La Bohème

Nathan Noirh

Je ne t'ai pas encore trouvé. Mais chaque centimètre de ma peau crie à l'agonie chaque seconde que tu passes enlevé à moi. Chaque particule de mon être est un atome de plus dans le prochain big bang de ma vie. Chaque rayon de lumière est un coup de peinture dans le tableau de mes nuits.

Je ne t'ai pas encore trouvé. Mais je sais que tu m'attends. Je sais que chaque soir, dans tes draps et nappé par le blues de la lune, ma dame, tu restes là, à guetter ma venue. Je sais que chaque respiration saccadée est un appel au secours. 

Je ne t'ai pas encore trouvé. Mais chaque lune serait jalouse de voir avec quelle passion je regarde les étoiles, avec quelle passion je respire sans m'arrêter, et avec quelle passion j'écris dans l'espoir de t'atteindre. Chaque jet d'encre est une larme de plus dans l'océan créé par ton absence.

Je ne t'ai pas encore trouvé. Mais tu rouspètes déjà après moi. Ma lenteur et mon inaptitude à te retrouver te font sourire et te font gémir d'impatience. Tu cries, tu souffres, tu ne fais rien. Tu ne sais plus quoi faire. Tu m'as envoyé des signes, tu m'as parlé dans la nuit, tu as fait du bruit, tu as créé un nouveau langage où chaque mot m'est destiné. Et moi je reste là, les oreilles fermés et les mains liés.

Je ne t'ai pas encore trouvé. Mais la passion m'a trouvé. Je devine tes contours, tes lueurs, tout est flou et pourtant si bien tourné. La passion m'a trouvé. Je ne sais pas, je ne sais plus à quoi tu ressembles mais je sais que je te ressemble. J'ai toujours tourné mon regard vers toi, vers tes mains, vers ton souffle. J'ai toujours expiré mon oxygène dans ta direction, ta bouche, ta venue. La passion m'a trouvé. 
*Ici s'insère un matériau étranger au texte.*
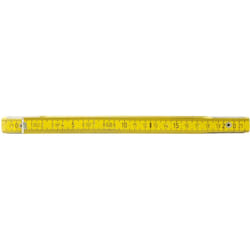 Ks Tools - Mètre pliant jaune en bois, L.2 m - 300.0060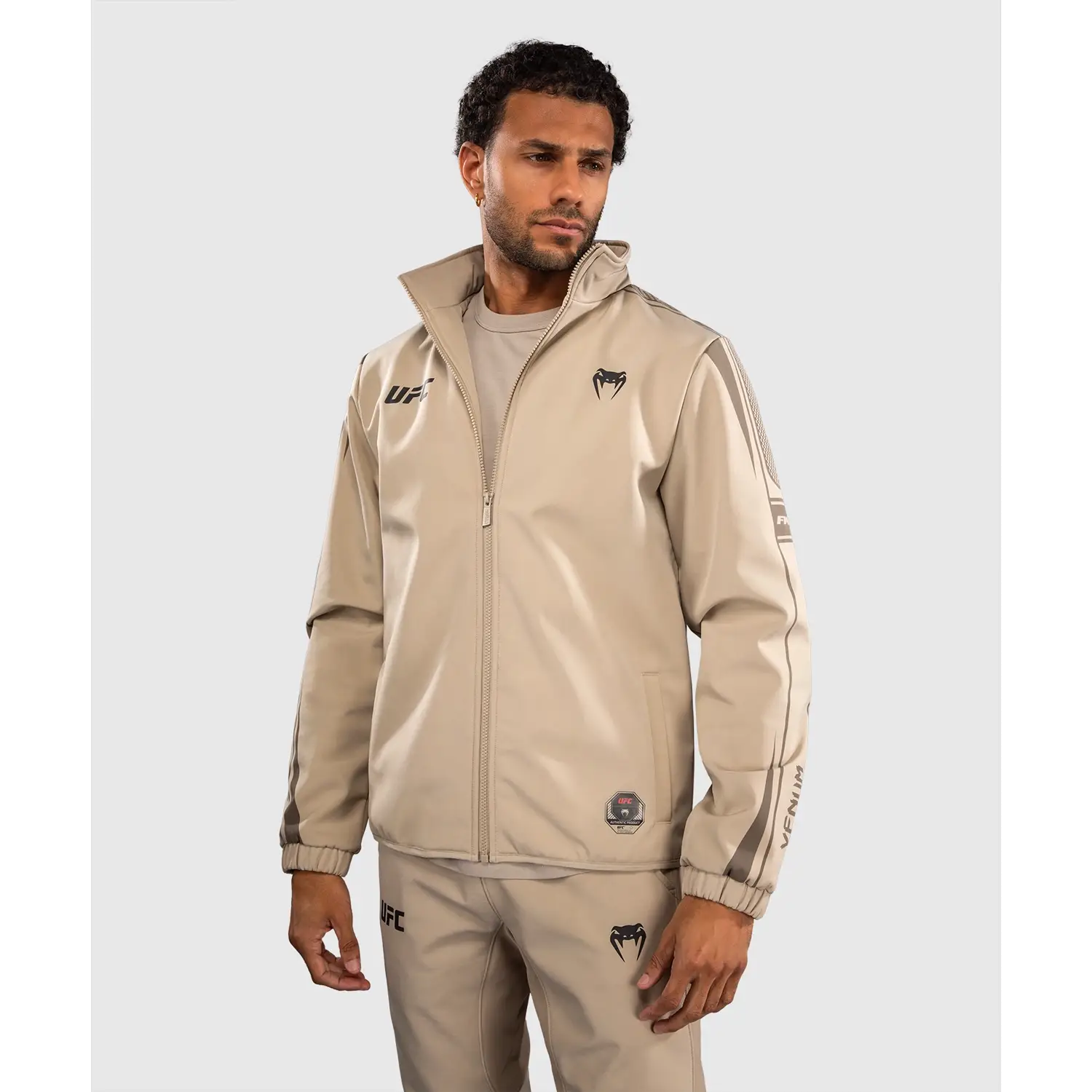 VENUM Trainings Jacket, UFC Unity, sand, S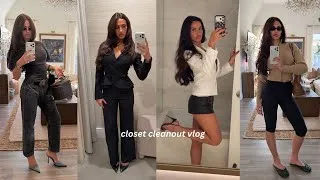 Thumbnail: cleaning out my closet... literally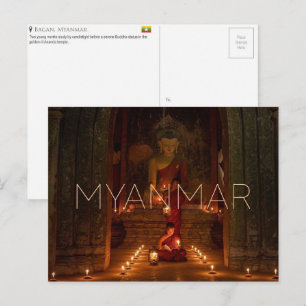 Cartão postal de viagem de Bagan, Myanmar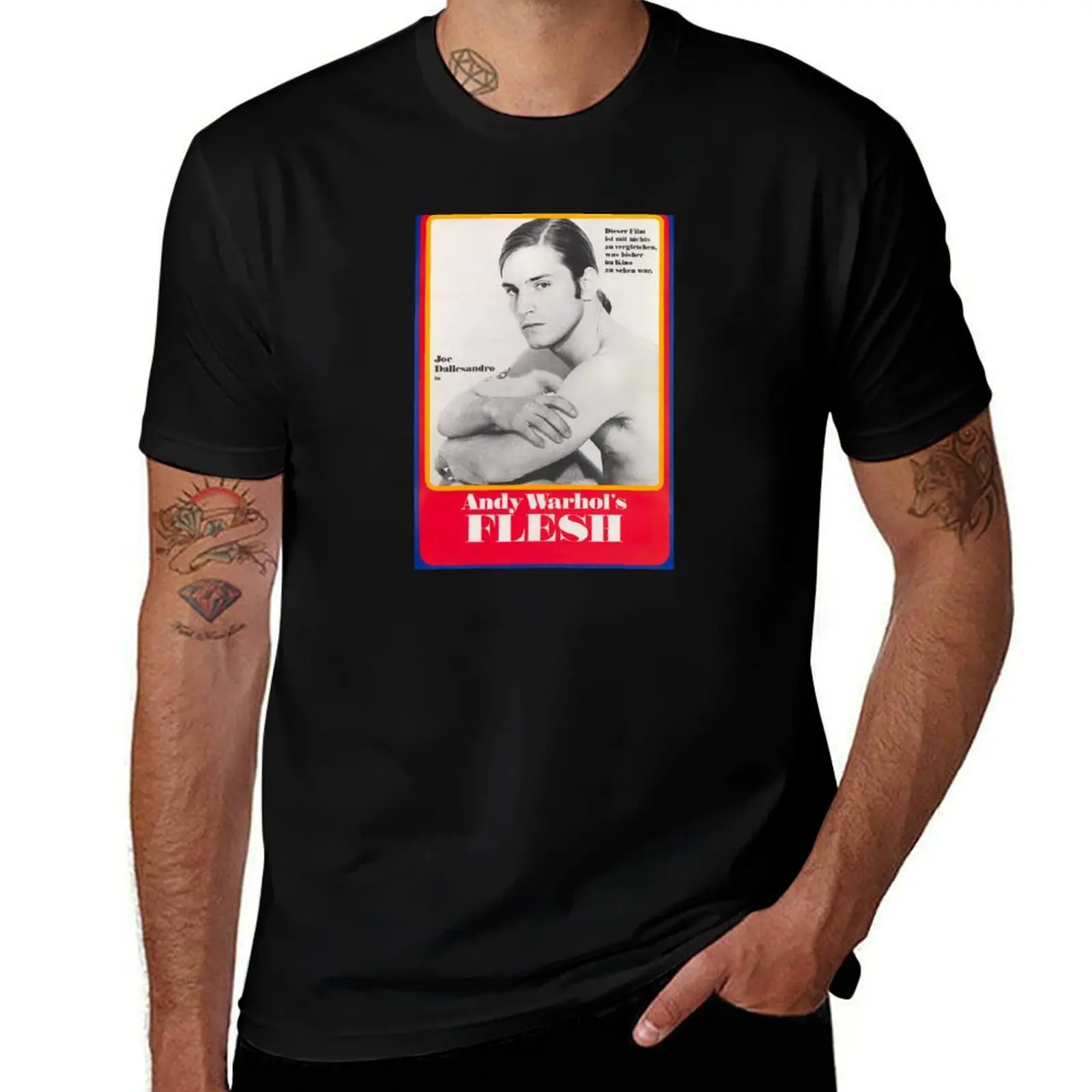 

Flesh Poster - Warhol / Dallesandro T-Shirt topping T-shirts man mens graphic t-shirts funny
Je ne t'ai pas encore trouvé. Tous les soirs je me couche sobre sans toi et tous les matins ivre de toi. À croire que tu arroses mes rêves de toute ton essence, me laissant déshydraté sans jamais pouvoir étancher ma soif. Ma gorge s'assèche et aspire les moindres perles de pluie, mes yeux secs et injectés de sang arpentent l'horizon pour trouver ta fontaine. Mes mains creusent la terre, le sable et la pierre, le matin, le jour et même après la nuit pour te déterrer.

Je ne t'ai pas encore trouvé. Et chaque jour je saigne des mains, je saigne des yeux, et je saigne des lèvres pour ne pas t'avoir encore rencontré. Je saignerai encore jusqu'après ma mort, pour faire rougir les rivières et les lacs de ne pas t'avoir mouillé. Je soufflerai le vent, la brise et le zéphyr sur chaque toit du monde pour ne pas t'avoir abrité. Je taperais du pied sur chaque sol, plaine, colline et montagne pour ne pas t'avoir soutenu. 

Je ne t'ai pas encore trouvé. Mais si je pouvais enfermer chaque souffle et chaque seconde dans une bouteille, je ne l'ouvrirais qu'avec toi pour que notre ivresse ne s'arrête jamais. Et j'apprécierais sincèrement chaque gueule de bois passé ensemble, car je saurais alors que nous ne savons pas nous arrêter de boire. Non ma bohème, nous ne savons pas.